The city has released its plan to rezone Inwood, the third New York City neighborhood targeted under Mayor de Blasio’s initiative to build and preserve 210,000 units of affordable housing by 2020. The rezoning is just one facet of the city’s newly-released action plan, which details a four-pronged approach to create more affordable and mixed-income housing, bolster the neighborhood’s existing community, and strengthen neighborhood infrastructure. The action plan represents the first major public investment in Inwood in decades.
Residents of Inwood, where rents have risen 38 percent between 2002 and 2014 compared to 24 percent citywide, have been on guard about outside forces acting on the neighborhood. That came to a head last summer with a developer’s proposal to rezone a site at the intersection of Broadway and Sherman Avenue. The plan was met with deep hostility—and ultimately shot down—by the community and local elected officials.

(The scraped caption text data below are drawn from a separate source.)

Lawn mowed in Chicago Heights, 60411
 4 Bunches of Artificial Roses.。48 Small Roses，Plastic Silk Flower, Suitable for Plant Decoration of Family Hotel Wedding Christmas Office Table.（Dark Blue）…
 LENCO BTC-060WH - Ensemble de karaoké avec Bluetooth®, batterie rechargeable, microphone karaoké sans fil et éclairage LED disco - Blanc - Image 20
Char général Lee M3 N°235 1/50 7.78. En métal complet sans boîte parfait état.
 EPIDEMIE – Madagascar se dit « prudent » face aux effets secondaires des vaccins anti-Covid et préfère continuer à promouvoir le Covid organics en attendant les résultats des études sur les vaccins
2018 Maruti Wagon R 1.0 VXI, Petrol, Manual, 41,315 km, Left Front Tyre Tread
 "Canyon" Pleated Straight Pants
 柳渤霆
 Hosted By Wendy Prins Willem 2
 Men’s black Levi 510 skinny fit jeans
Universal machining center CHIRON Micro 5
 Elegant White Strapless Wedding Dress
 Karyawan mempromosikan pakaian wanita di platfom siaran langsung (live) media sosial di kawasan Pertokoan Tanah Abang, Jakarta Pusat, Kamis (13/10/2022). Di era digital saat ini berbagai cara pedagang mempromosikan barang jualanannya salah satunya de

To sidestep the hostility that comes with change, the city’s Economic Development Corporation has engaged the Inwood community and business owners to give shape to the newly unveiled action plan. That engagement determined areas of focus for the plan beyond the rezoning and affordable housing initiative, such as providing fixes to intersections and parks. As with East New York and East Harlem before it, the rezoning portion of the action plan will need to pass through the city’s land use review procedure before being ratified, meaning some aspects are likely to change.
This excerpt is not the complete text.